* [Task to complete]
Your answer must be only the lines below from the one containing "Haute disponib" through the one containing "Gray Location Map", copied exactly, with the pictures left out.

* [Supplied entries]
- - -
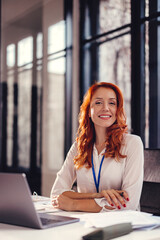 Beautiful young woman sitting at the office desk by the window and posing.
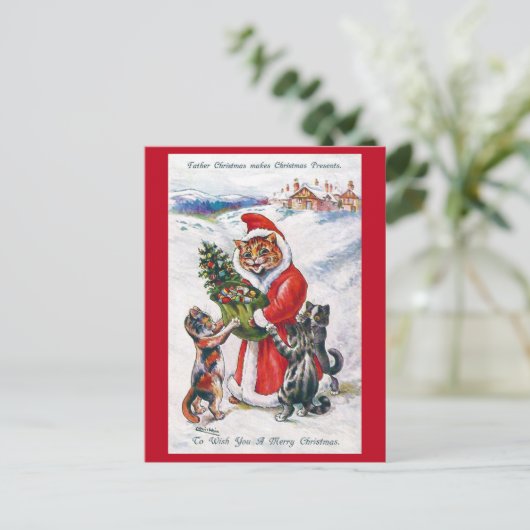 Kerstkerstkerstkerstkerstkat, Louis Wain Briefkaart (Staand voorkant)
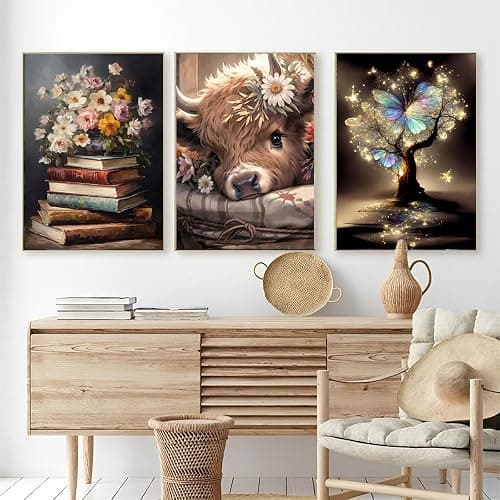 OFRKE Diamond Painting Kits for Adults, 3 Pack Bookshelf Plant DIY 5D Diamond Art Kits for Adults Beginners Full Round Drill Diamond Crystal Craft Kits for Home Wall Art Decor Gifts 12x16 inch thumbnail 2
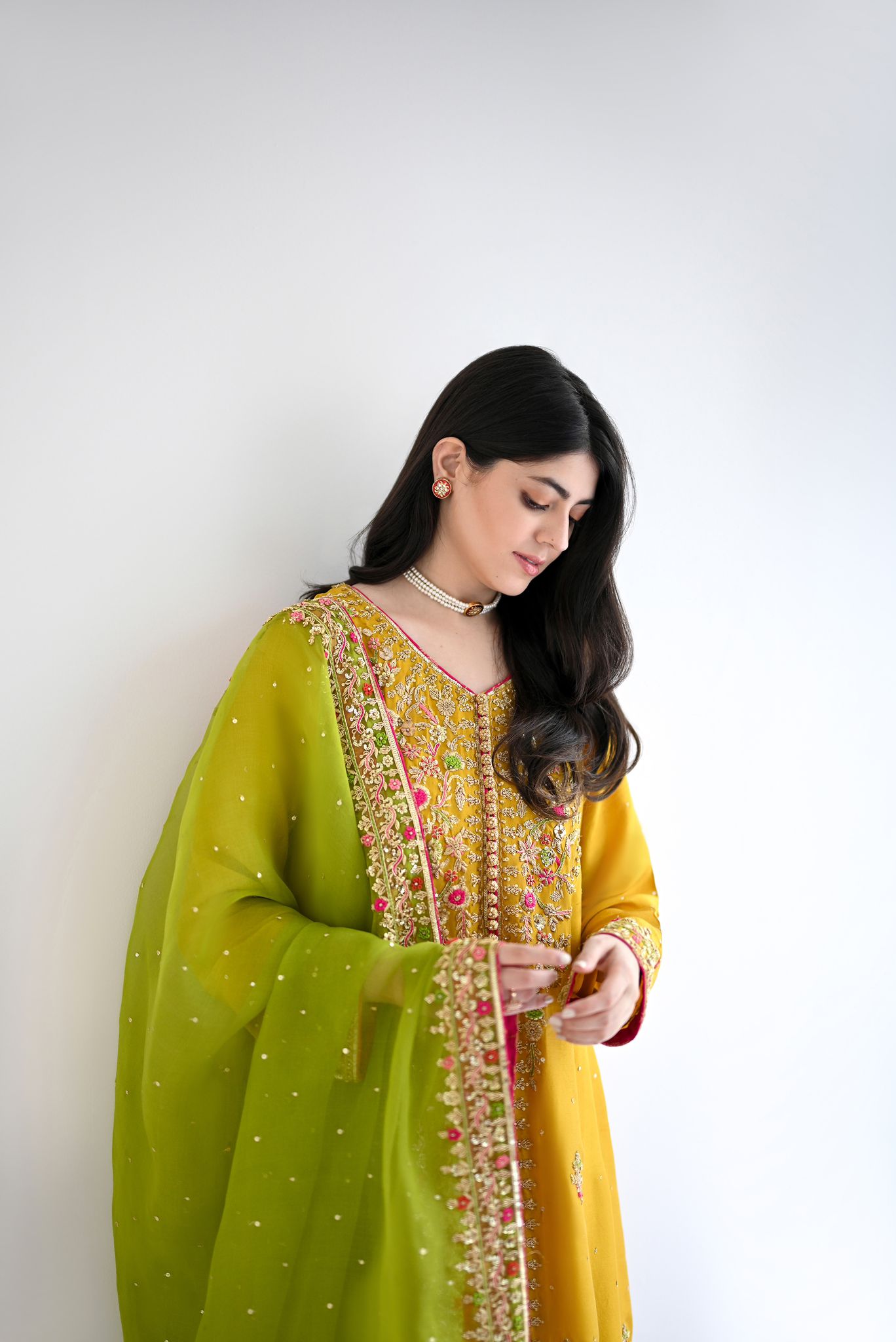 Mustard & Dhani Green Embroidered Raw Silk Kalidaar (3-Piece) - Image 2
- - -
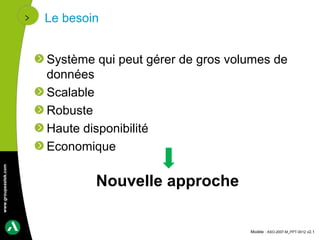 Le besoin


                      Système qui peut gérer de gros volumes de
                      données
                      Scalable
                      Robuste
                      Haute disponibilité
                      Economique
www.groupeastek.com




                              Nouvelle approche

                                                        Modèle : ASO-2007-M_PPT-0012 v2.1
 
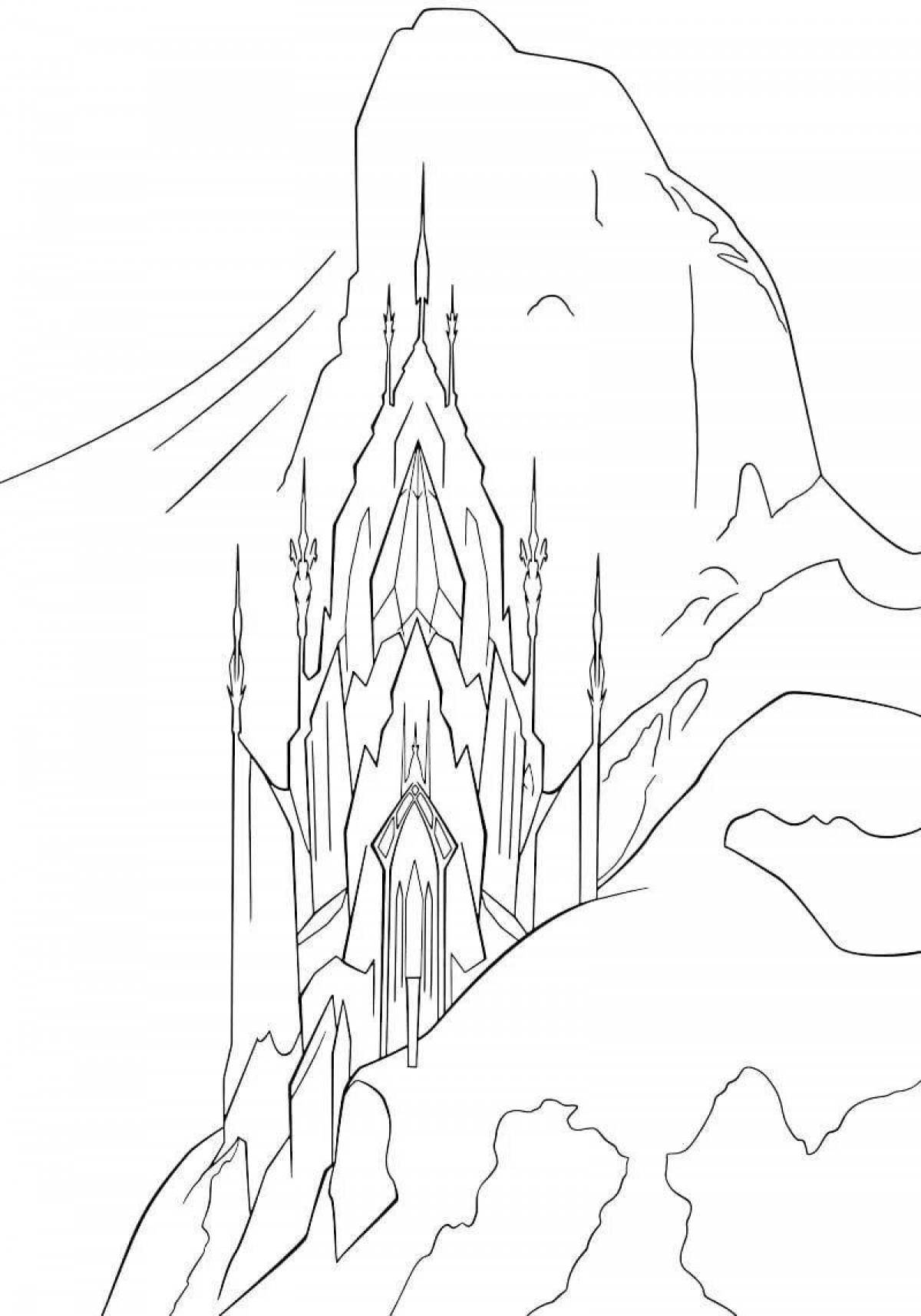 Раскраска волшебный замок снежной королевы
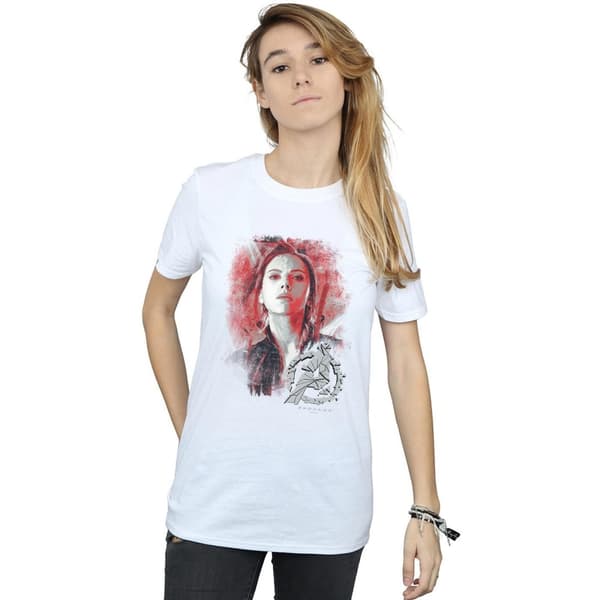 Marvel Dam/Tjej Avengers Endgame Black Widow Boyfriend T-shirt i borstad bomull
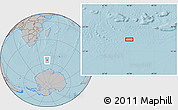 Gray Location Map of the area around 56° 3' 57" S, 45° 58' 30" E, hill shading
- - -
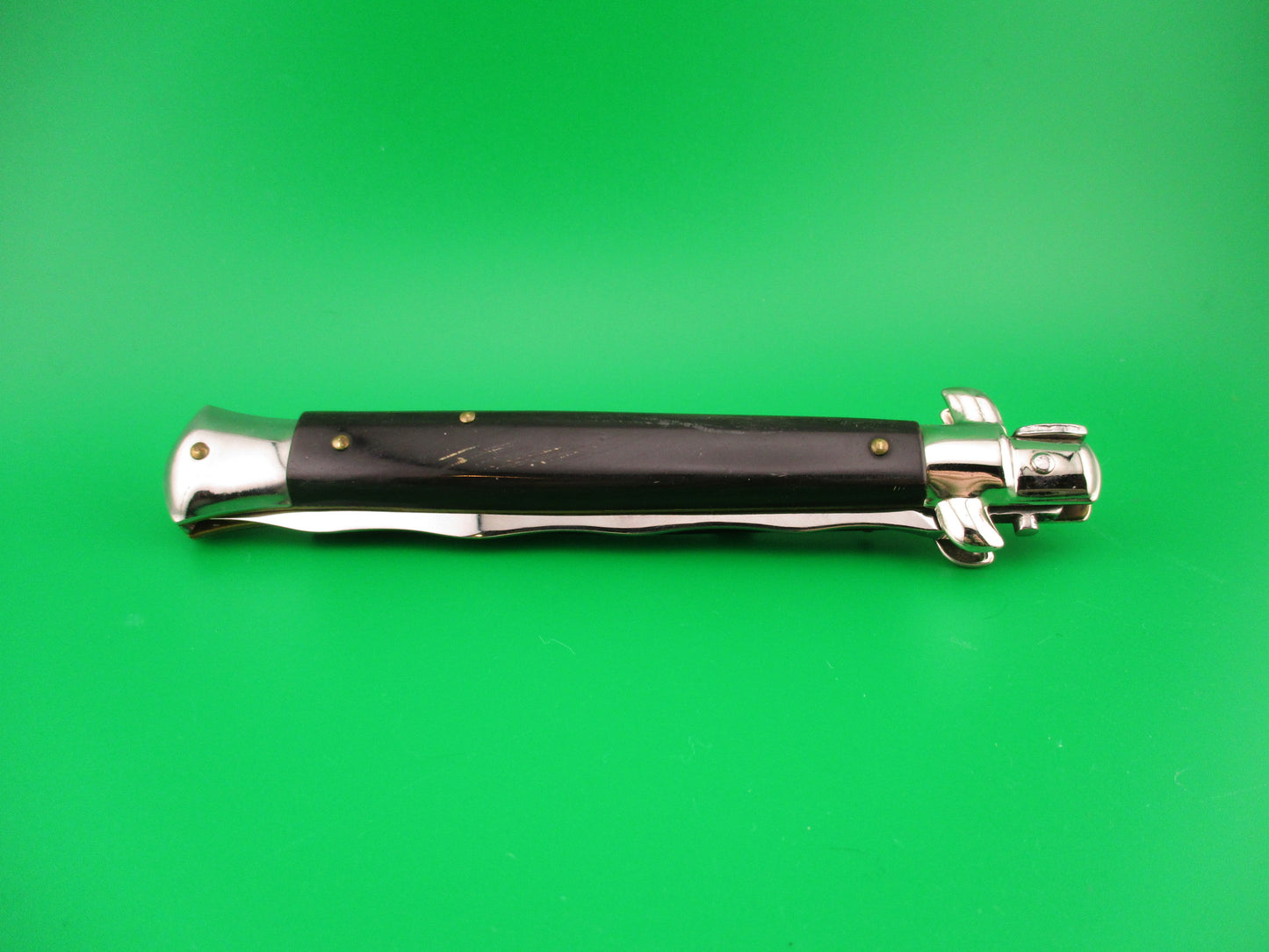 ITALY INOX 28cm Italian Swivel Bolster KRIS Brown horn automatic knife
- - -
* [Response area]
                      Haute disponibilité
                      Economique
www.groupeastek.com




                              Nouvelle approche

                                                        Modèle : ASO-2007-M_PPT-0012 v2.1
 
 Раскраска волшебный замок снежной королевы
 Marvel Dam/Tjej Avengers Endgame Black Widow Boyfriend T-shirt i borstad bomull
 Gray Location Map of the area around 56° 3' 57" S, 45° 58' 30" E, hill shading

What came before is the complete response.